Nowadays, in the face of greater social control and market demands, special attention has been given to corporate governance aligned to the legal and normative framework, codes of conduct and ethical principles, due to the risks implied in the lack of adequacy. Subjects as “compliance” and “integrity” become sustainability assets in several business sectors – including those related to the compliance with the National Solid Waste Policy. The pressure of socioenvironmental demands bolsters the scenario, which also includes opportunities to be distinguished in the stock market by supporting laws created to improve quality of life and the relationship between man and environment.


GLOBAL CONNECTIONS

It is time to act. Humanity’s demand for the planet’s resources is 50% than what nature can replace, according to the Living Planet Report, published by WWF international organization in 2014. One and a half planet would be necessary to produce the necessary resources at the current consumption level. If the rhythm does not change, future generations will face the risk of vital supplies, as water.


Waste recycling reduces extraction of resources to make new products and diminishes the impacts to water, land, health and biodiversity. I also saves energy in the industrial processes and reduces gas emissions that aggravate global climatic changes that put production and quality of life at risk and will be the subject of new national and international regulations in the context of commitments signed in the Paris Agreement. Landfills and open dumps emit 4% of all carbon set in the atmosphere in Brazil according to the National Emissions Recording System. The main element associated to it is methane gas released by decomposition of organic waste, which could be largely recycled by composting.
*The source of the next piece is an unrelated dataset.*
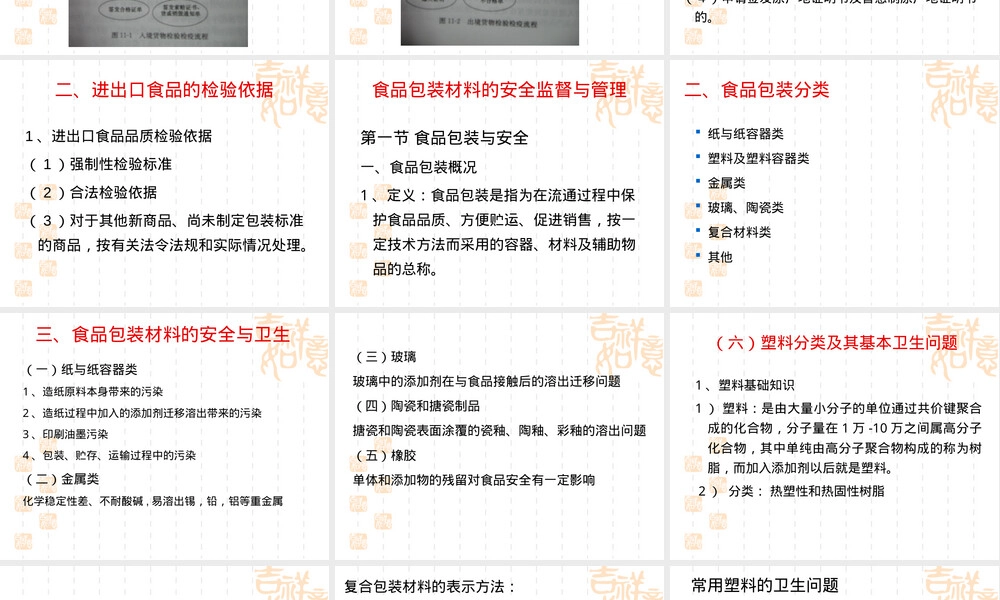进出口食品检验与管理PPT课件.ppt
Good waste management has the potential to reduce emissions related to global warming. besides, it promotes social inclusion and income. Thus, the sector presents itself as one of those that more potentially can contribute to the Sustainable Development Goals. Launched by the United Nations in 2015 with many social, environmental and economic goals for 2030, the new agenda marks investments, public policies and business strategies in the world.
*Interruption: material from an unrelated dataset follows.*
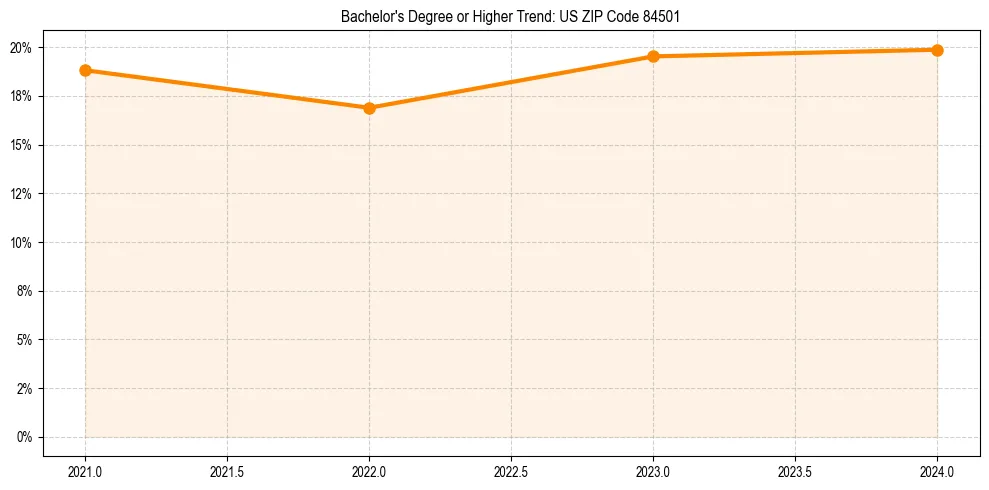 Trend chart showing bachelor degree growth in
On its 25th year of existence, CEMPRE takes on current global challenges to reduce inequalities and eradicate poverty and famine, and urban waste recycling is its guiding principle. Collective engagement in the business world in synergy with public policies and people’s greater awareness towards socioenvironmental issues add up experiences and efforts so that the path can be trodden faster and more efficiently, with common benefits to all society. In the background, there is a commitment taken back in time – a commitment that renews itself in the face of new challenges and demands, on the way to a fairer and more sustainable future.